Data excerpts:
++++

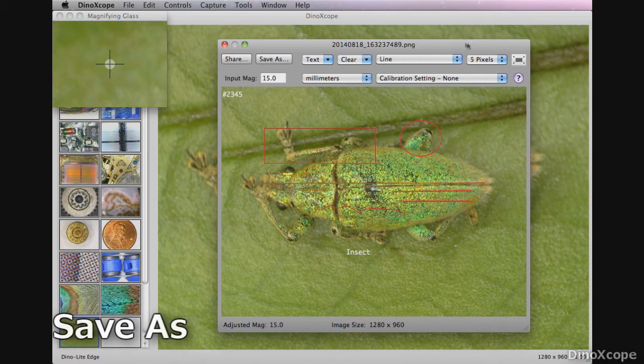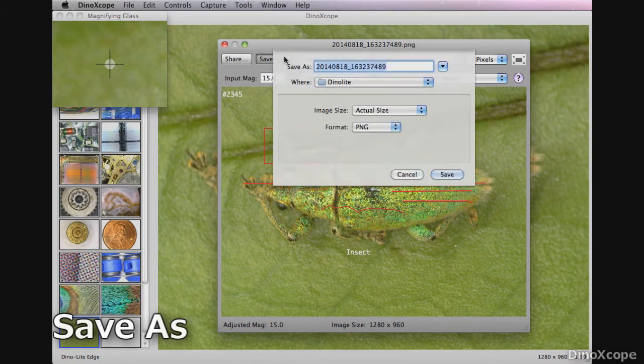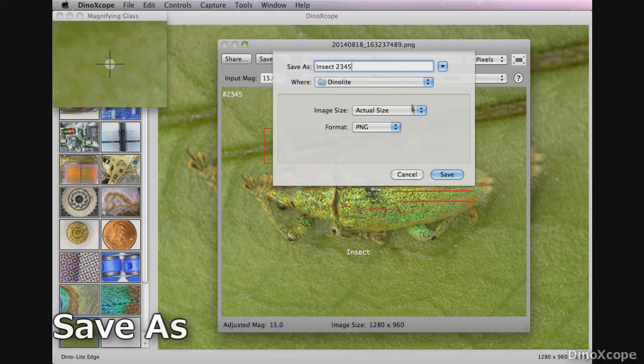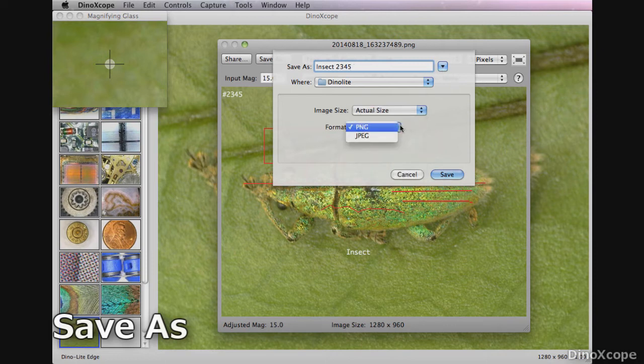Users can save images from the image window or right click on the thumbnail and select save as. Here you can choose the file name, file save location, image size and file format.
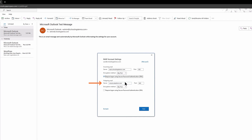Beneath Outgoing Mail, in the field next to Server, enter mail.yourdomain.tld where yourdomain.tld is your domain name. Ensure the port is set to port 465 and the encryption method is set to SSL/TLS. Also, be sure you check the box next to Require Login Using Secure Password Authentication.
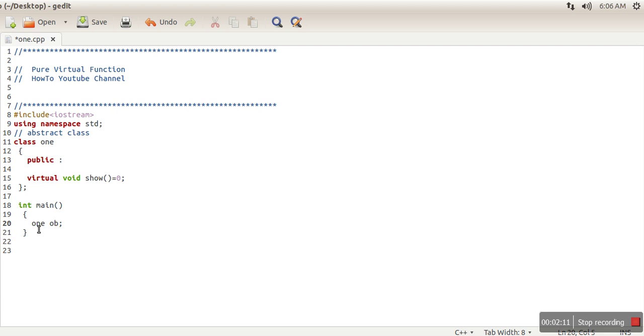And abstract class cannot be instantiated. So we are trying to create the object of abstract class, which is not allowed. So in the next tutorial I will explain why we have this abstract class concept, if we cannot create objects of our own class. Thank you very much for watching.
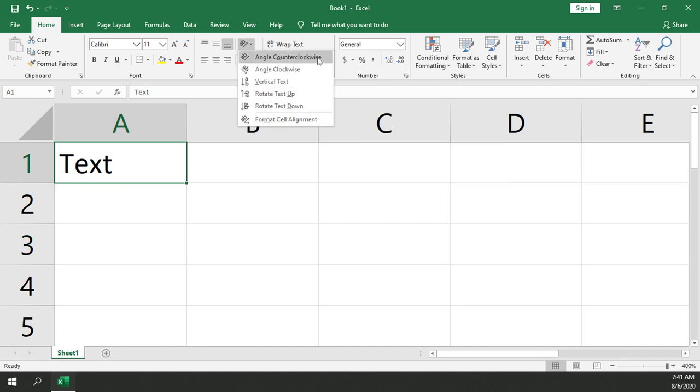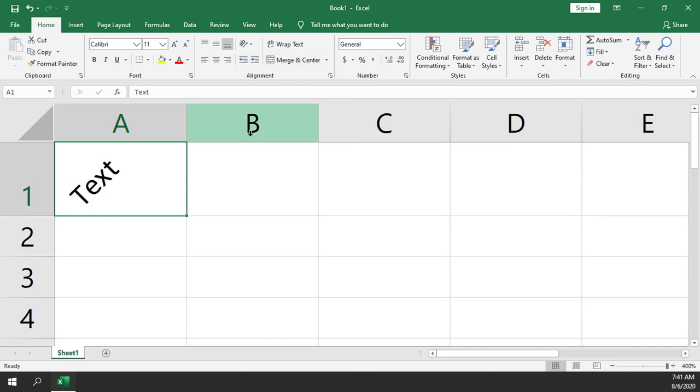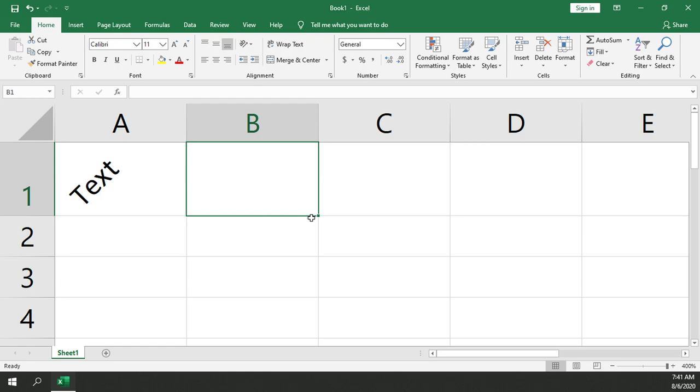We'll go ahead and just do the simple one of Angle Counterclockwise, and our text has now been adjusted so it's showing at a 45-degree angle. So that is how you adjust the angle of your text within a cell in Microsoft Excel.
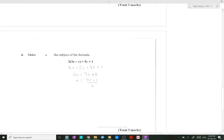In number four, we need a to be the subject of the formula. First we need to expand. After expanding, we need to have a alone and the rest of the numbers on the other side. So 6a equals 5c plus 2c plus 1. Collecting like terms, we get 7c plus 1. We need a alone as the subject of the formula, so we divide by 6.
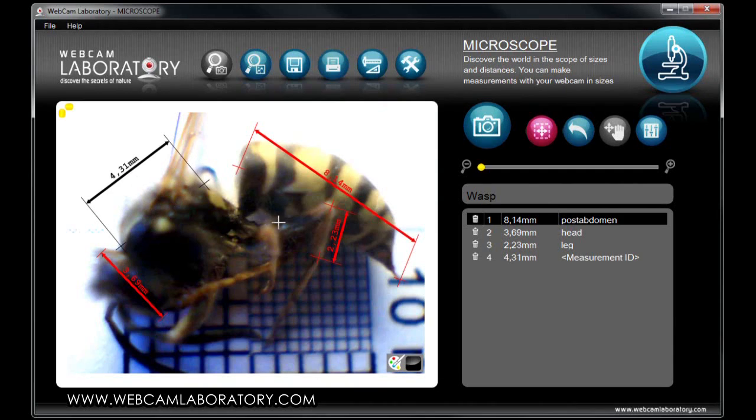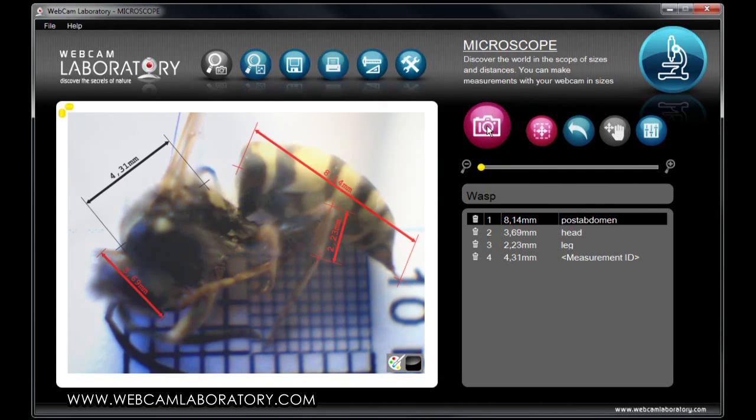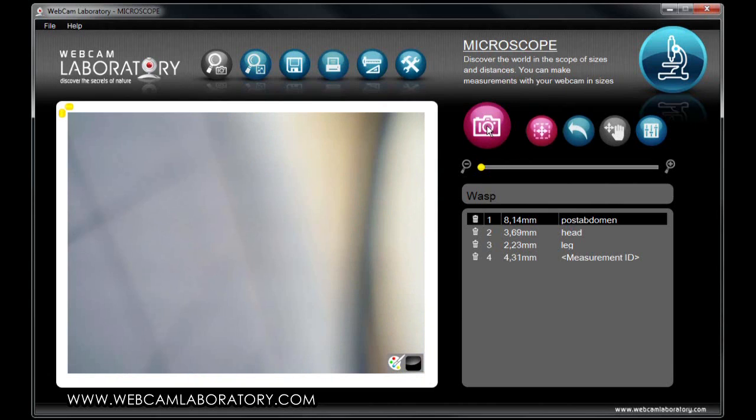Once you are finished with the measurement and have the picture saved, you can click on the make picture button and activate the camera feed to start the next measurement.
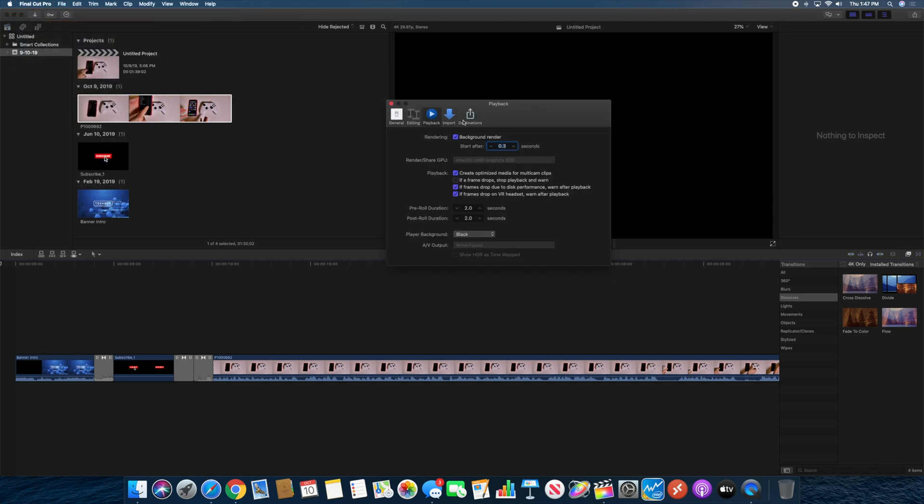Or if you're using a desktop machine with an internal GPU and you have an external GPU connected, you can now choose which GPU you want your Final Cut Pro to use.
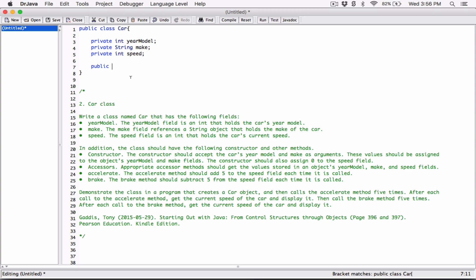The constructor is like a regular method, but it doesn't have a return type because we are not explicitly calling this method ourselves. It's the first method called when we try to create an object from this class — it's called automatically. Since we don't call it explicitly, we don't specify a return type because it can't return a value. Also, there is no static keyword on a constructor. So it's just 'public Car'.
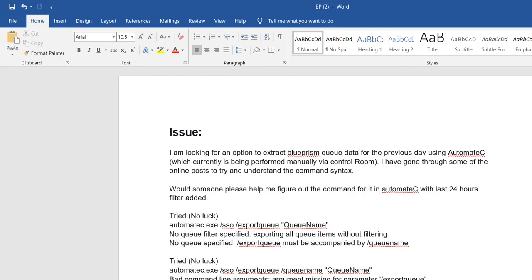Everyone knows how automate.exe works. For example, if we have some production issues related to work queues and scheduling, instead of scheduling from the Control Room, you can schedule your batch job from automate.exe using single sign-on — meaning your username and password with authentication details. You can schedule a job, create a queue, and filter your queue.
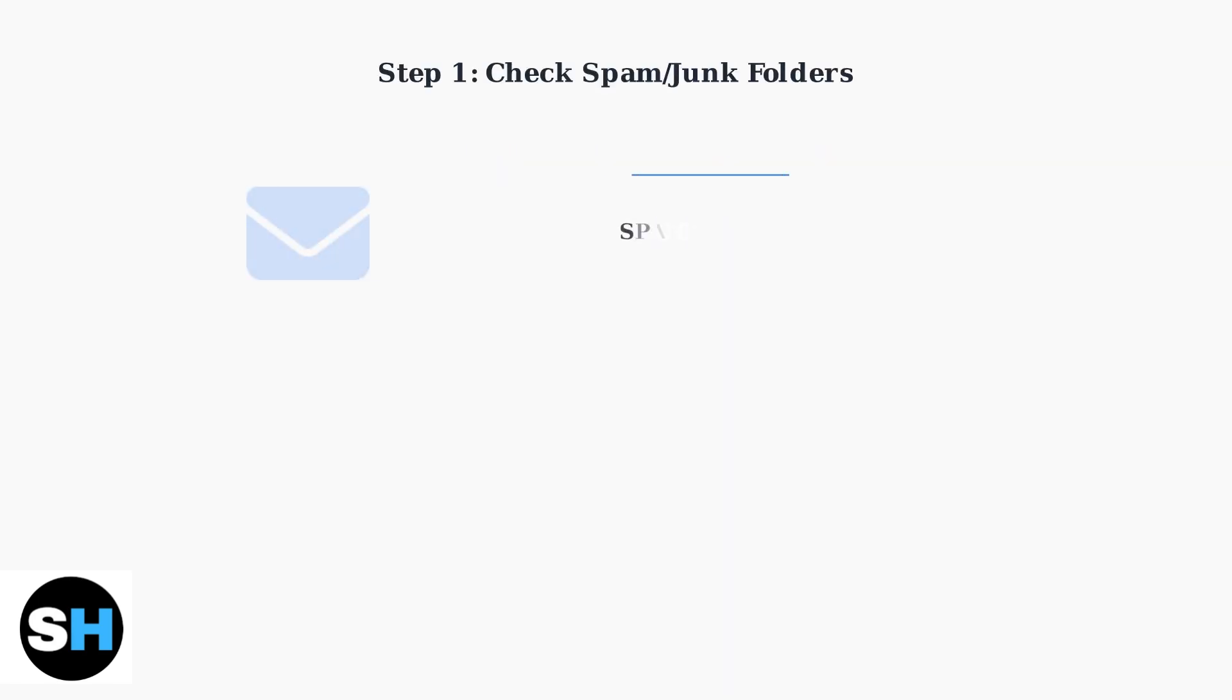First, check your spam and junk folders thoroughly. Verification emails often get filtered by email providers and may not appear in your main inbox.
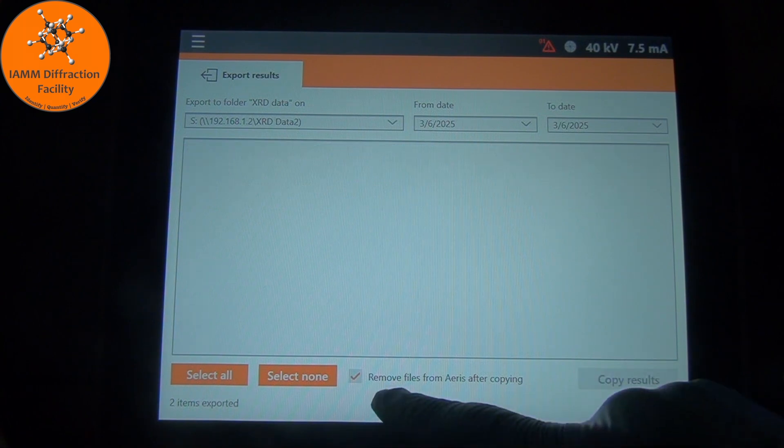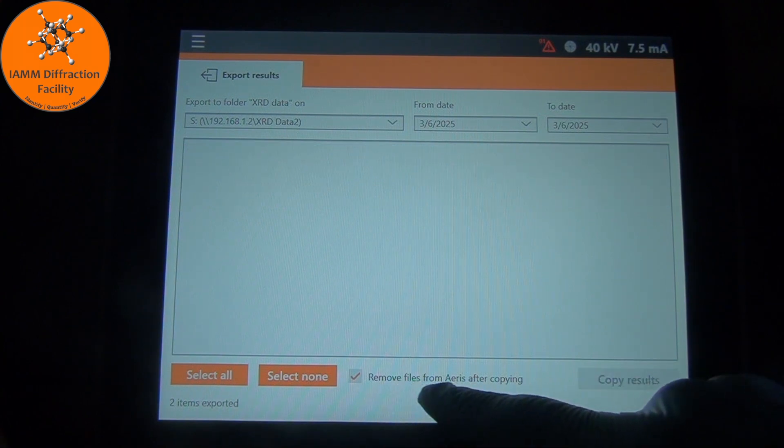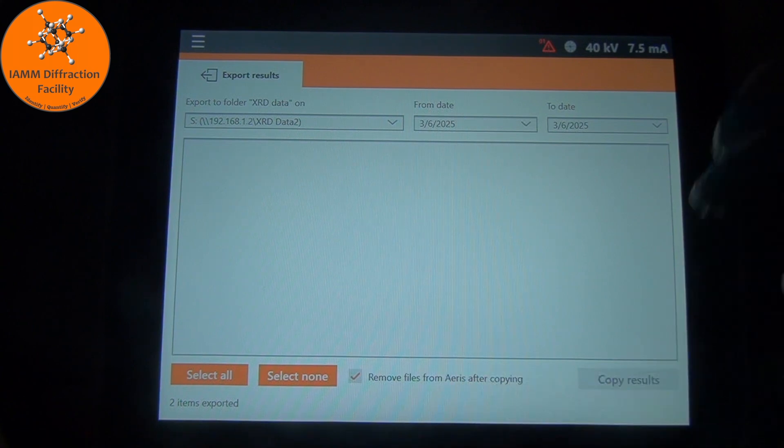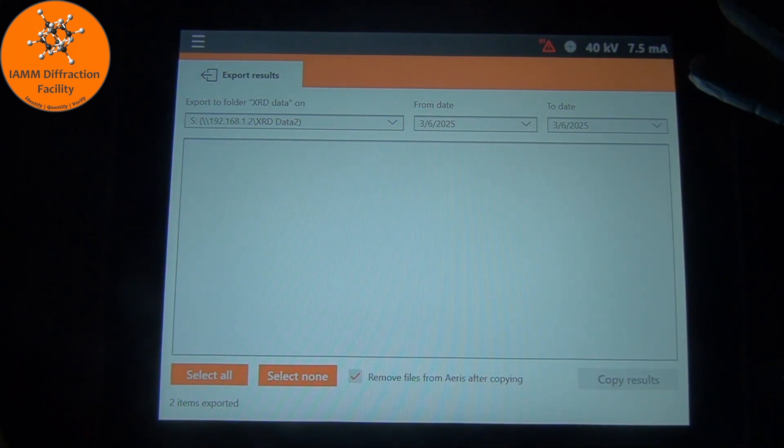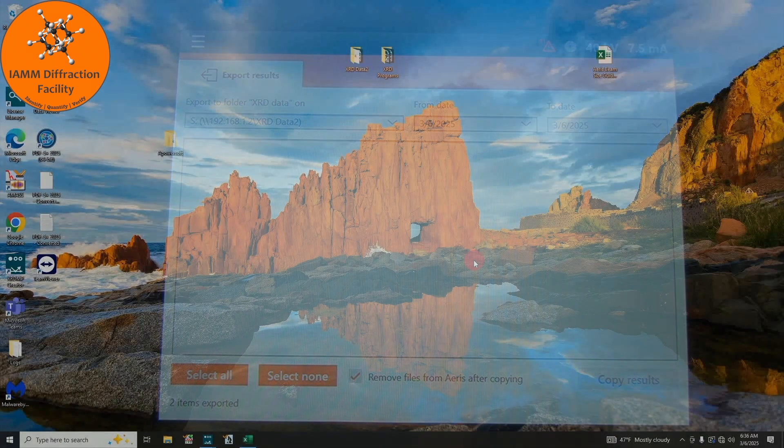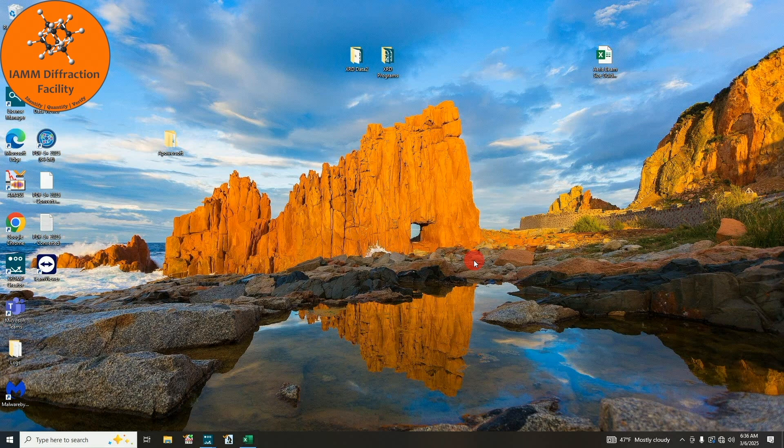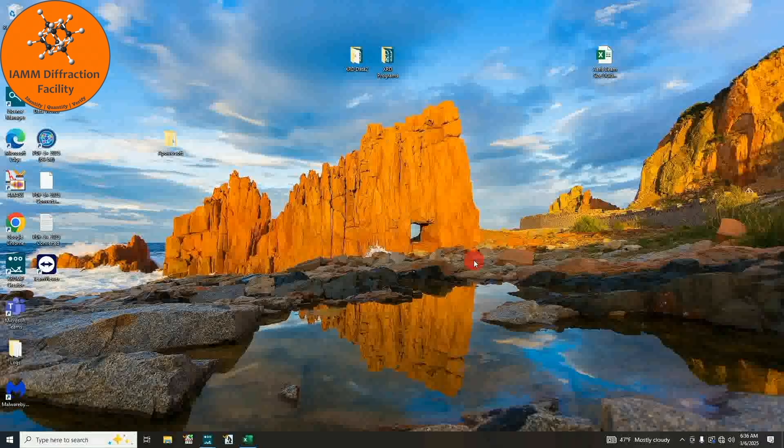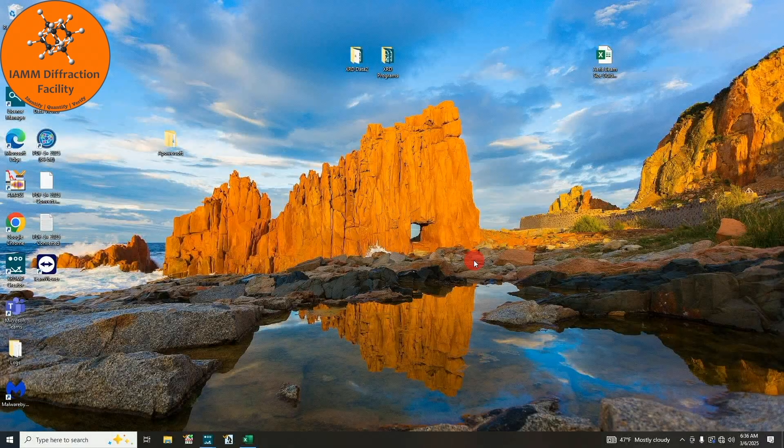All we need to do then is simply click copy results. Because this button was activated, the files will be removed from the ARIS after copying to the computer. That's what we want to do because I don't want this to be loaded up with a bunch of files.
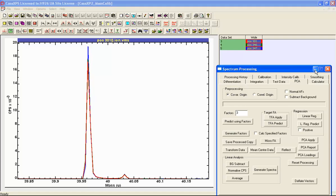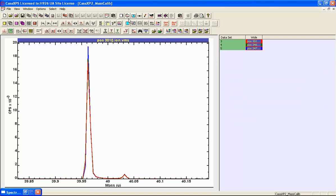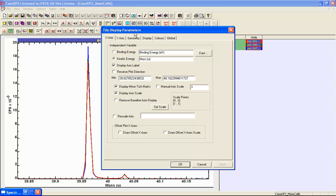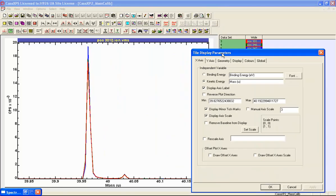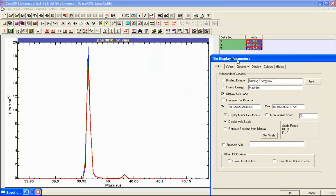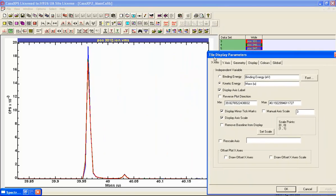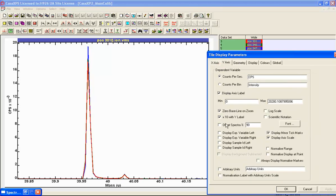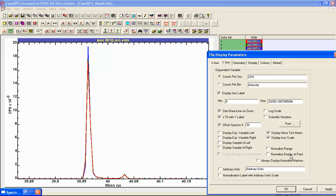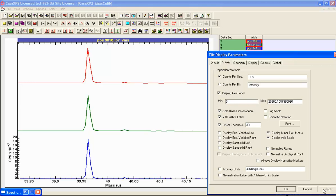The second thing that will be useful is to rearrange the display. What I'm going to use are options on the tile display parameters dialog window and we'll go with the Y axis first. What I want to do is offset the data, and offset the data using rather than 90% of the display tile, I'm going to use 30% for each one of the spectra. So if I press the apply button, I now see the spectra are offset.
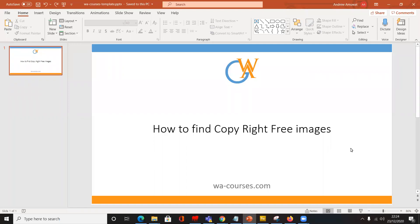Welcome to this tutorial by WA Courses. In this tutorial I will show you how to find copyright free images. Let's begin.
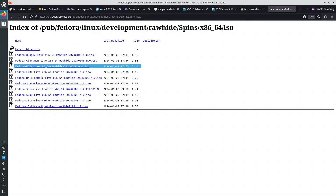Today we are going to test KDE Plasma 6 Beta 2 by running the Fedora Rawhide KDE Spin ISO in a virtual machine in live CD mode.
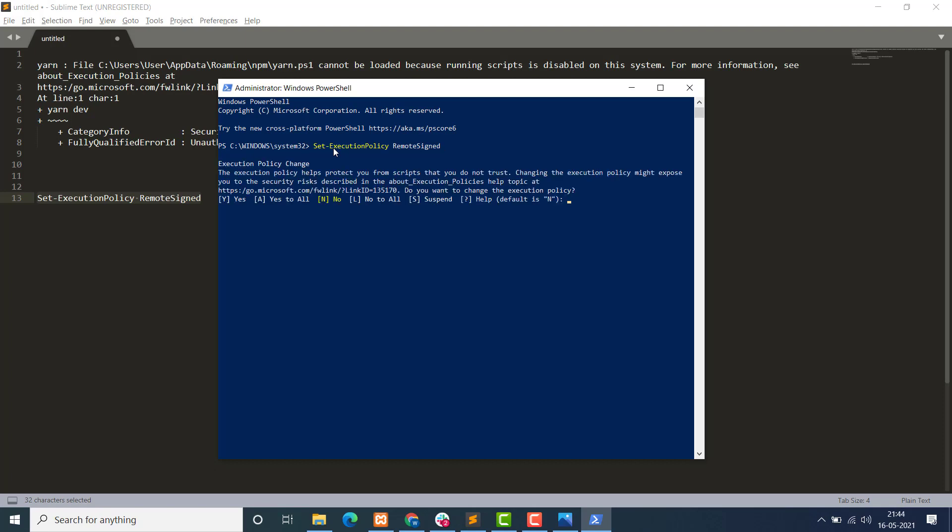Okay, then click Yes. Now read: The execution policy change. The execution policy helps protect you from scripts that you do not trust. Changing the execution policy might expose you to the security risks described in the About Execution Policy help topic at this link. So they are asking us, do you want to change the execution policy? Of course we have to. Then we have a number of options here: the very first one is Yes, the other is A that is Yes to All, No, No to All, Suspend, or question mark if you want any help. The default is set to N. Okay, here you have to use command A, that is Yes to All, and press Enter.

++++

- **WORK TASK**
Take the records above and transcribe them exactly, dropping every picture.

- **THE ANSWER**
Users can save images from the image window or right click on the thumbnail and select save as. Here you can choose the file name, file save location, image size and file format.
Beneath Outgoing Mail, in the field next to Server, enter mail.yourdomain.tld where yourdomain.tld is your domain name. Ensure the port is set to port 465 and the encryption method is set to SSL/TLS. Also, be sure you check the box next to Require Login Using Secure Password Authentication.
And abstract class cannot be instantiated. So we are trying to create the object of abstract class, which is not allowed. So in the next tutorial I will explain why we have this abstract class concept, if we cannot create objects of our own class. Thank you very much for watching.
We'll go ahead and just do the simple one of Angle Counterclockwise, and our text has now been adjusted so it's showing at a 45-degree angle. So that is how you adjust the angle of your text within a cell in Microsoft Excel.
In number four, we need a to be the subject of the formula. First we need to expand. After expanding, we need to have a alone and the rest of the numbers on the other side. So 6a equals 5c plus 2c plus 1. Collecting like terms, we get 7c plus 1. We need a alone as the subject of the formula, so we divide by 6.
Once you are finished with the measurement and have the picture saved, you can click on the make picture button and activate the camera feed to start the next measurement.
Or if you're using a desktop machine with an internal GPU and you have an external GPU connected, you can now choose which GPU you want your Final Cut Pro to use.
The constructor is like a regular method, but it doesn't have a return type because we are not explicitly calling this method ourselves. It's the first method called when we try to create an object from this class — it's called automatically. Since we don't call it explicitly, we don't specify a return type because it can't return a value. Also, there is no static keyword on a constructor. So it's just 'public Car'.
Everyone knows how automate.exe works. For example, if we have some production issues related to work queues and scheduling, instead of scheduling from the Control Room, you can schedule your batch job from automate.exe using single sign-on — meaning your username and password with authentication details. You can schedule a job, create a queue, and filter your queue.
First, check your spam and junk folders thoroughly. Verification emails often get filtered by email providers and may not appear in your main inbox.
All we need to do then is simply click copy results. Because this button was activated, the files will be removed from the ARIS after copying to the computer. That's what we want to do because I don't want this to be loaded up with a bunch of files.
The second thing that will be useful is to rearrange the display. What I'm going to use are options on the tile display parameters dialog window and we'll go with the Y axis first. What I want to do is offset the data, and offset the data using rather than 90% of the display tile, I'm going to use 30% for each one of the spectra. So if I press the apply button, I now see the spectra are offset.
Welcome to this tutorial by WA Courses. In this tutorial I will show you how to find copyright free images. Let's begin.
Today we are going to test KDE Plasma 6 Beta 2 by running the Fedora Rawhide KDE Spin ISO in a virtual machine in live CD mode.
Okay, then click Yes. Now read: The execution policy change. The execution policy helps protect you from scripts that you do not trust. Changing the execution policy might expose you to the security risks described in the About Execution Policy help topic at this link. So they are asking us, do you want to change the execution policy? Of course we have to. Then we have a number of options here: the very first one is Yes, the other is A that is Yes to All, No, No to All, Suspend, or question mark if you want any help. The default is set to N. Okay, here you have to use command A, that is Yes to All, and press Enter.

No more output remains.